**AIM OF THE EXERCISE**
Below are records to retype exactly, except for the pictures.

[[ SUPPLIED INFORMATION, beginning ]]

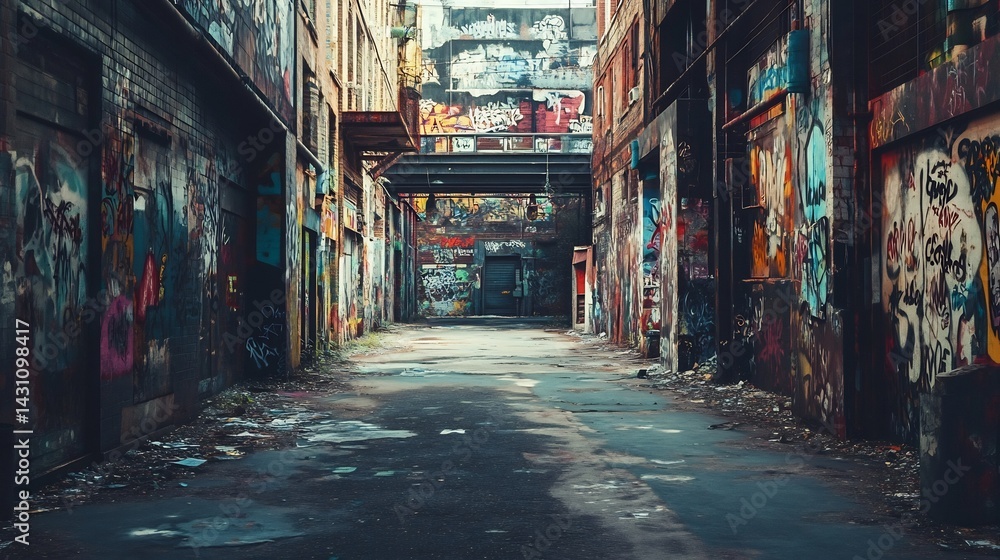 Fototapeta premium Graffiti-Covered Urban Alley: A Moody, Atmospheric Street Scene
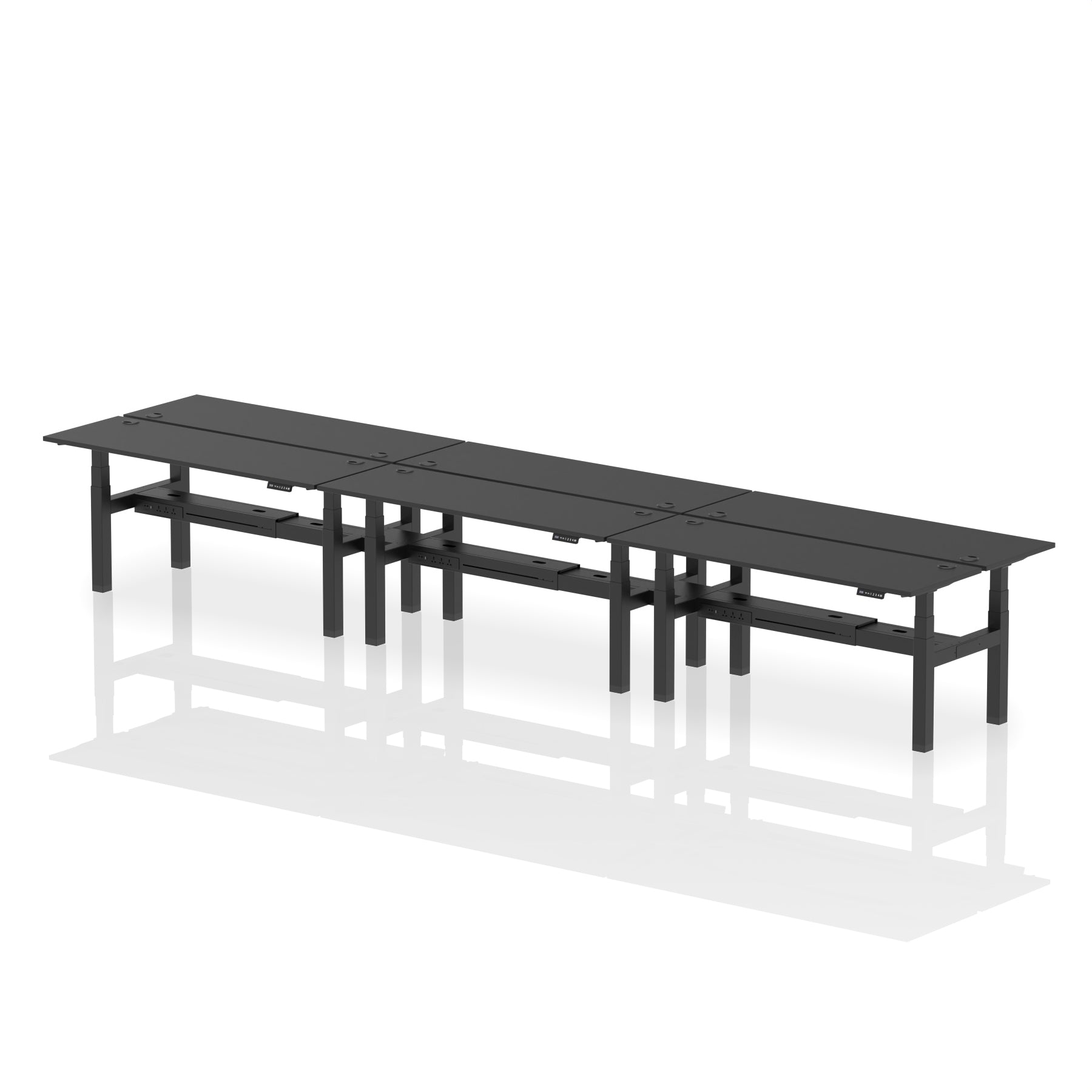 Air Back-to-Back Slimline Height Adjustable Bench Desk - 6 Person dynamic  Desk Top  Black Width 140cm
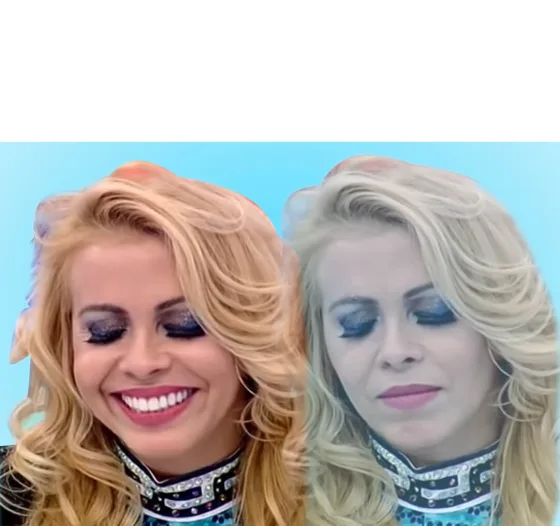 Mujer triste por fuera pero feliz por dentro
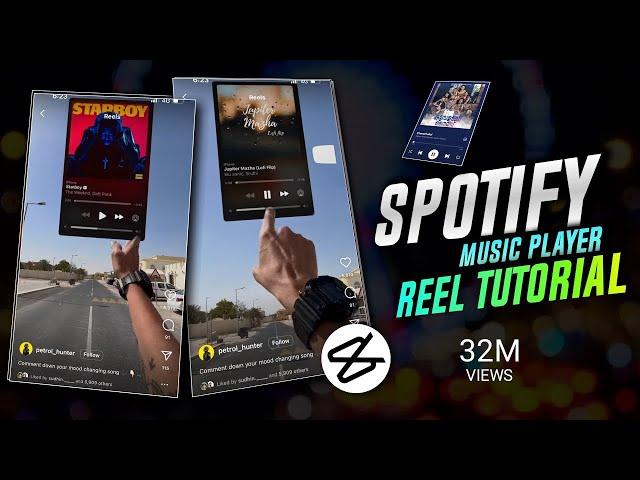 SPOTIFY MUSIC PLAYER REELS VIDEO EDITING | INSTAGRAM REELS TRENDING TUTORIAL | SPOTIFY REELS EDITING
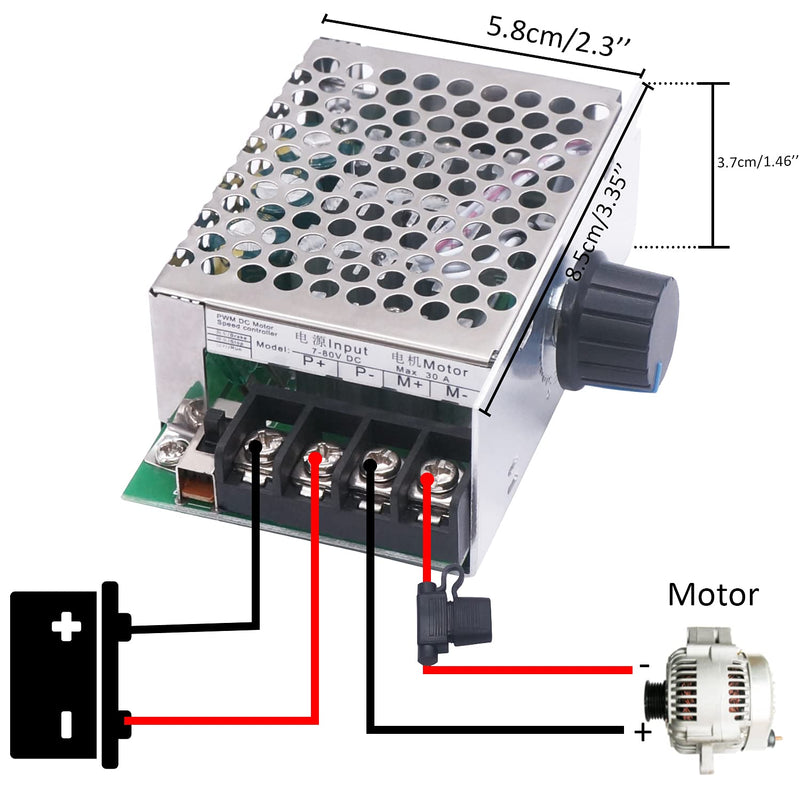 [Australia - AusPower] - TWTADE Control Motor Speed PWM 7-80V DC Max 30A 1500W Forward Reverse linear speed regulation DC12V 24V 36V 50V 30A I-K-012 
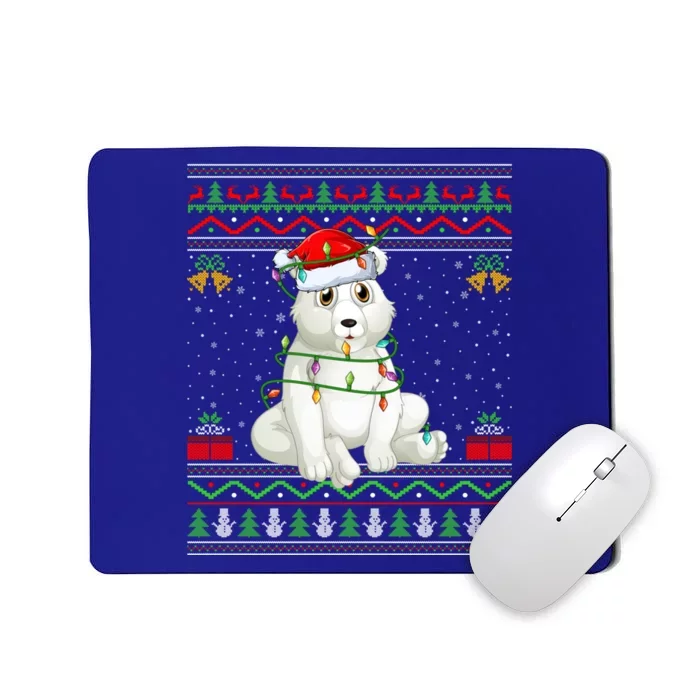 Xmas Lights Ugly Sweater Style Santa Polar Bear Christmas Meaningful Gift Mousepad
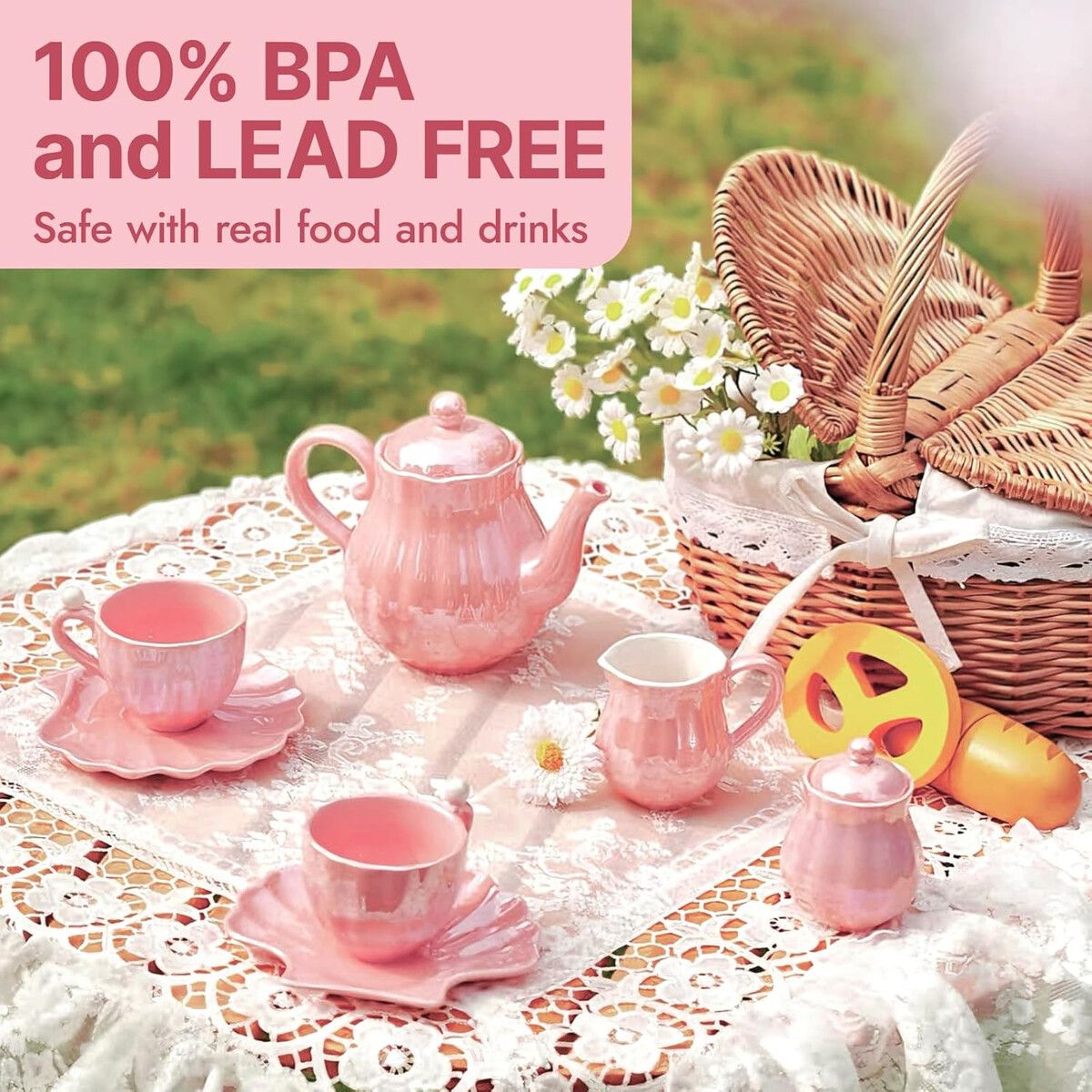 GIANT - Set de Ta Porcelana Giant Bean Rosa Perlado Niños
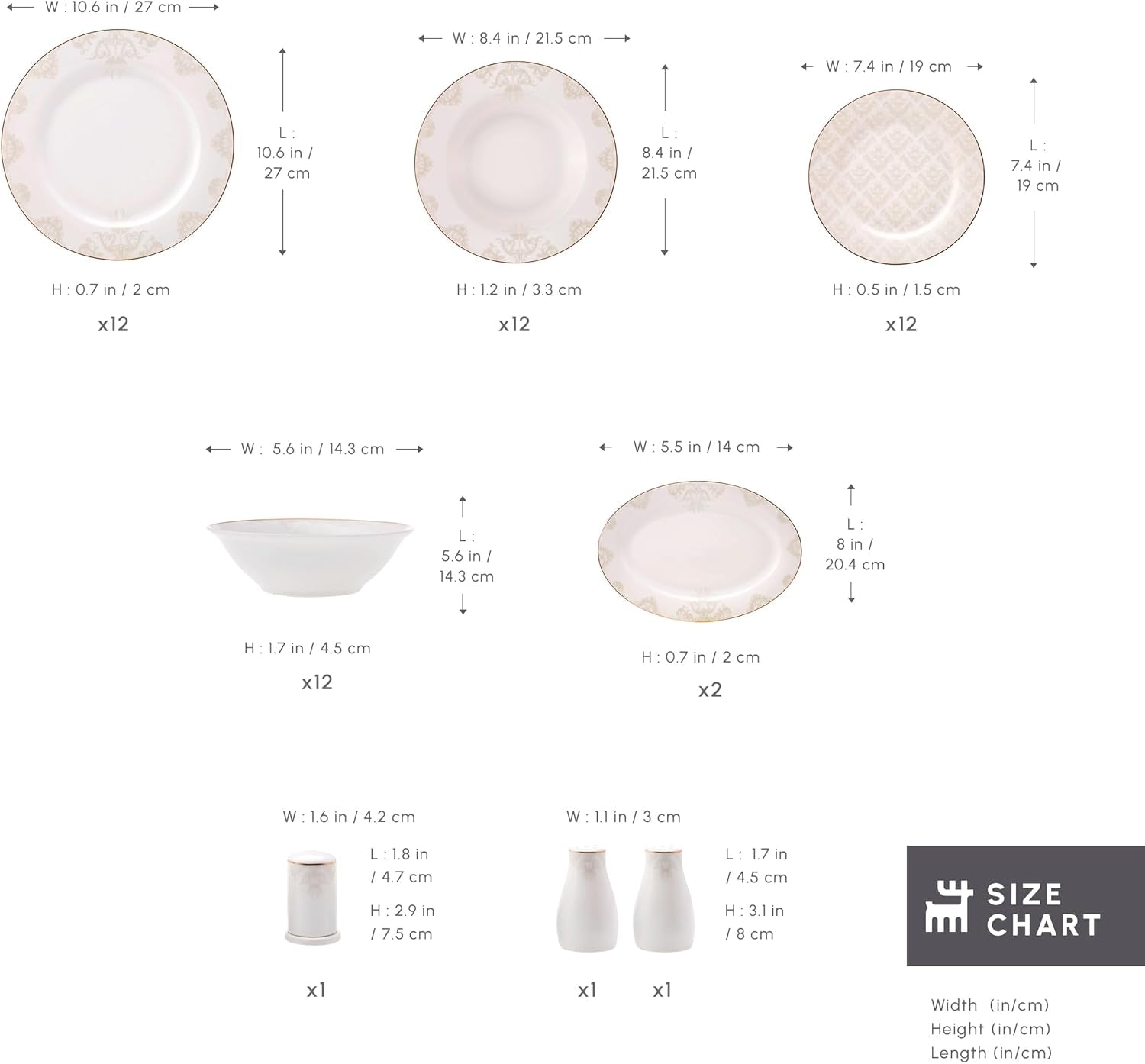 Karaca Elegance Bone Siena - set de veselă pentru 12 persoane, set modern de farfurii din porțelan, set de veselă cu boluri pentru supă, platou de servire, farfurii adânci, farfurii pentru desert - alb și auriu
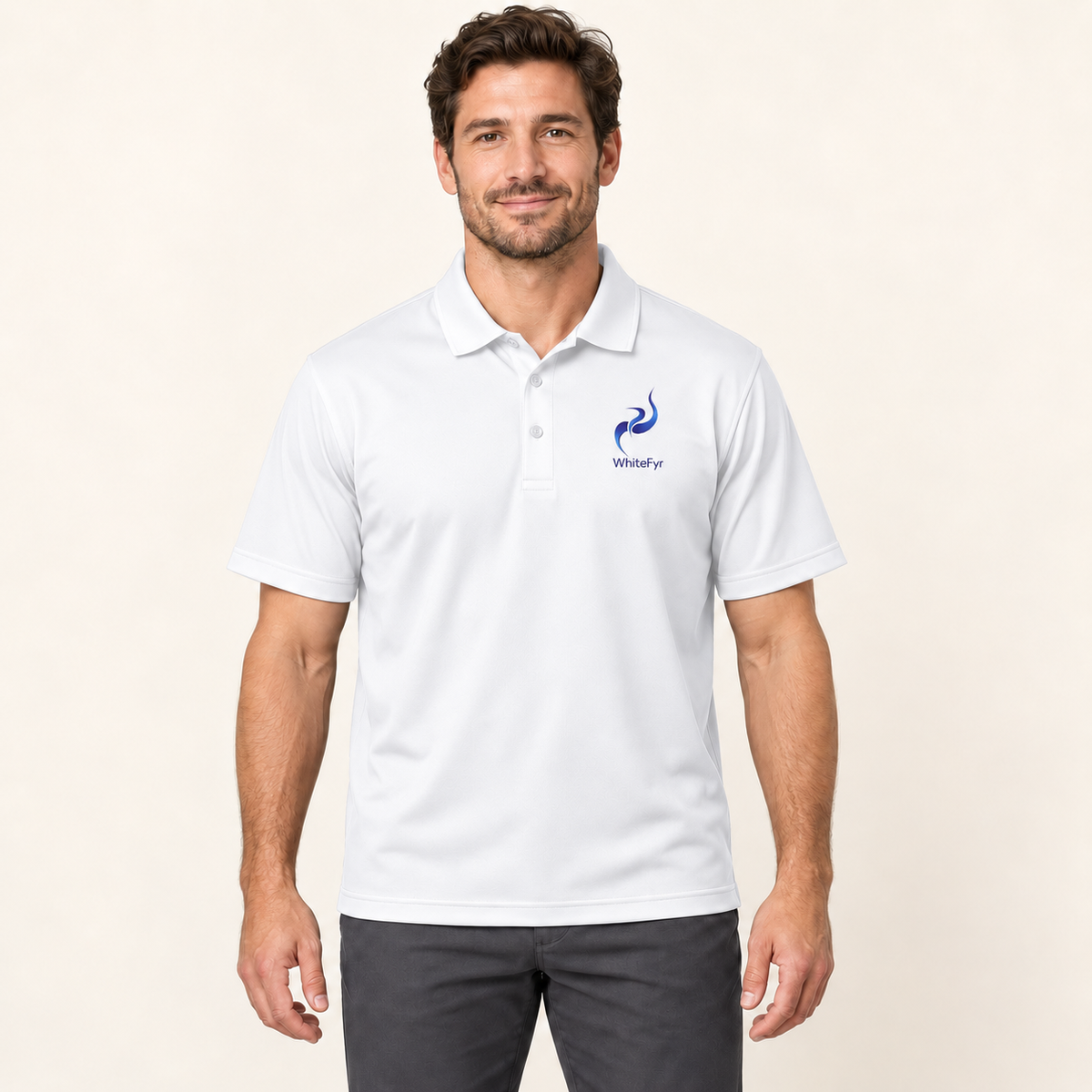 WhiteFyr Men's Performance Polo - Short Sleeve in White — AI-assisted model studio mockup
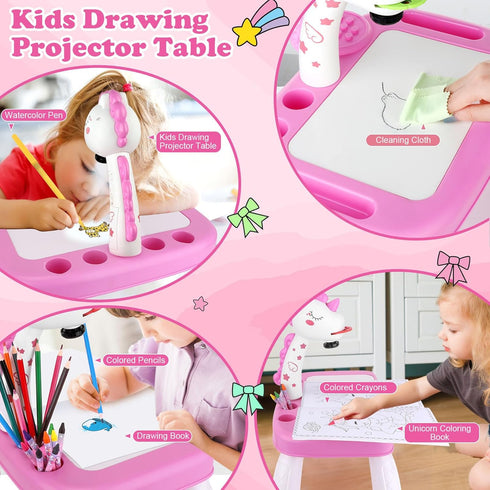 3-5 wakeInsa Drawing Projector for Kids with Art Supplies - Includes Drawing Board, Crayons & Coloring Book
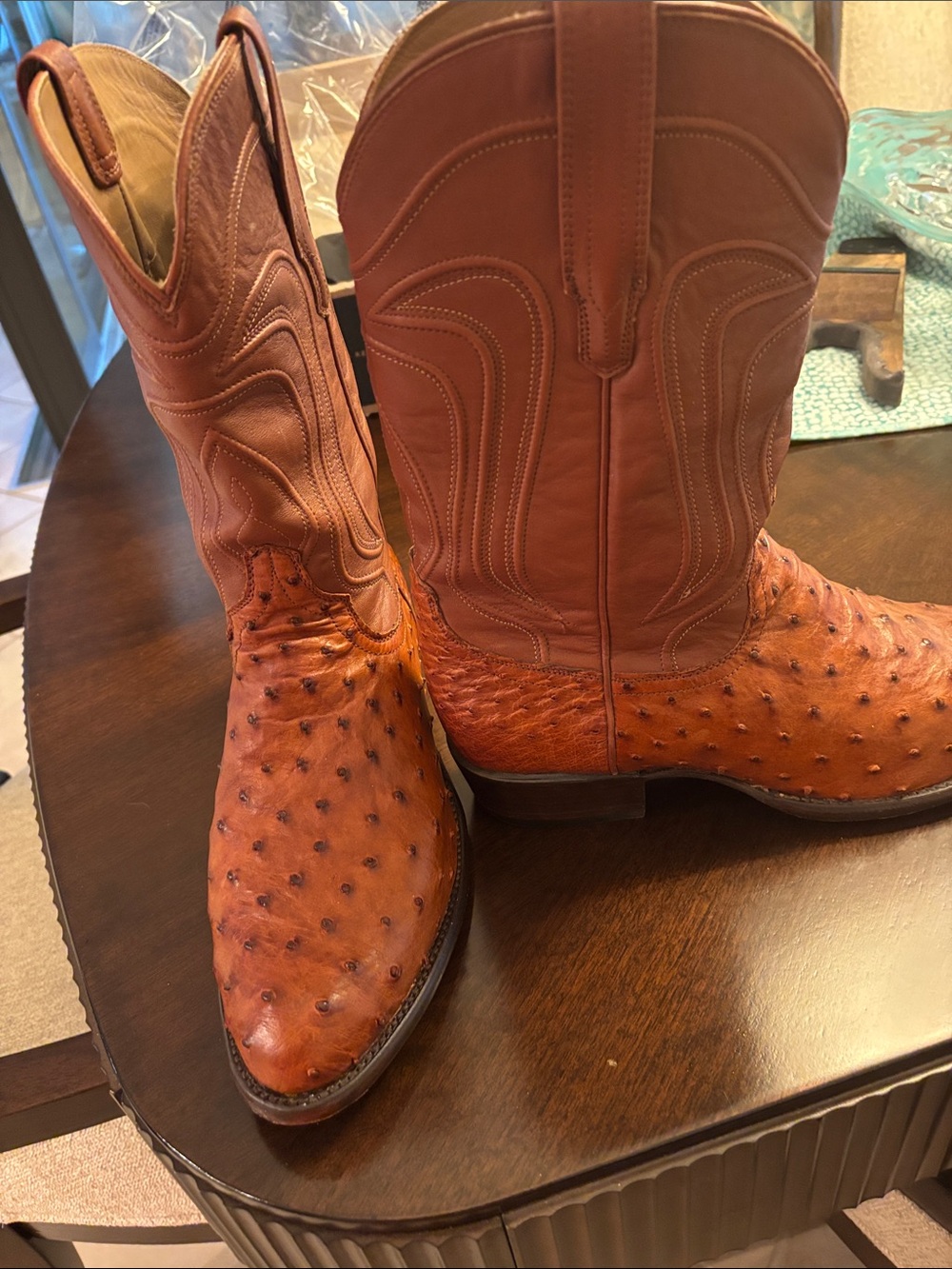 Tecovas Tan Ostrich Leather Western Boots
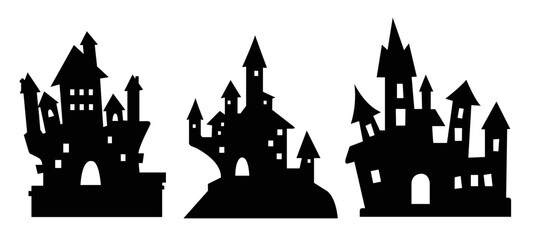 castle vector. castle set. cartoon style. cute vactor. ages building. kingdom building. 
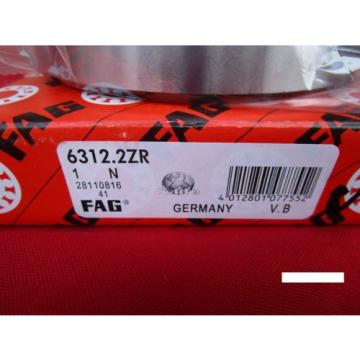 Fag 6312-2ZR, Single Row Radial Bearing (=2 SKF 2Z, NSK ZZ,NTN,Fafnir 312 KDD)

[[ SUPPLIED INFORMATION, end ]]

**SOLUTION TO THIS EXERCISE**
 Fototapeta premium Graffiti-Covered Urban Alley: A Moody, Atmospheric Street Scene
 Air Back-to-Back Slimline Height Adjustable Bench Desk - 6 Person dynamic  Desk Top  Black Width 140cm
 Mujer triste por fuera pero feliz por dentro
 SPOTIFY MUSIC PLAYER REELS VIDEO EDITING | INSTAGRAM REELS TRENDING TUTORIAL | SPOTIFY REELS EDITING
 [Australia - AusPower] - TWTADE Control Motor Speed PWM 7-80V DC Max 30A 1500W Forward Reverse linear speed regulation DC12V 24V 36V 50V 30A I-K-012 
 Xmas Lights Ugly Sweater Style Santa Polar Bear Christmas Meaningful Gift Mousepad
 GIANT - Set de Ta Porcelana Giant Bean Rosa Perlado Niños
 Karaca Elegance Bone Siena - set de veselă pentru 12 persoane, set modern de farfurii din porțelan, set de veselă cu boluri pentru supă, platou de servire, farfurii adânci, farfurii pentru desert - alb și auriu
 WhiteFyr Men's Performance Polo - Short Sleeve in White — AI-assisted model studio mockup
 3-5 wakeInsa Drawing Projector for Kids with Art Supplies - Includes Drawing Board, Crayons & Coloring Book
 Tecovas Tan Ostrich Leather Western Boots
 castle vector. castle set. cartoon style. cute vactor. ages building. kingdom building. 
 Fag 6312-2ZR, Single Row Radial Bearing (=2 SKF 2Z, NSK ZZ,NTN,Fafnir 312 KDD)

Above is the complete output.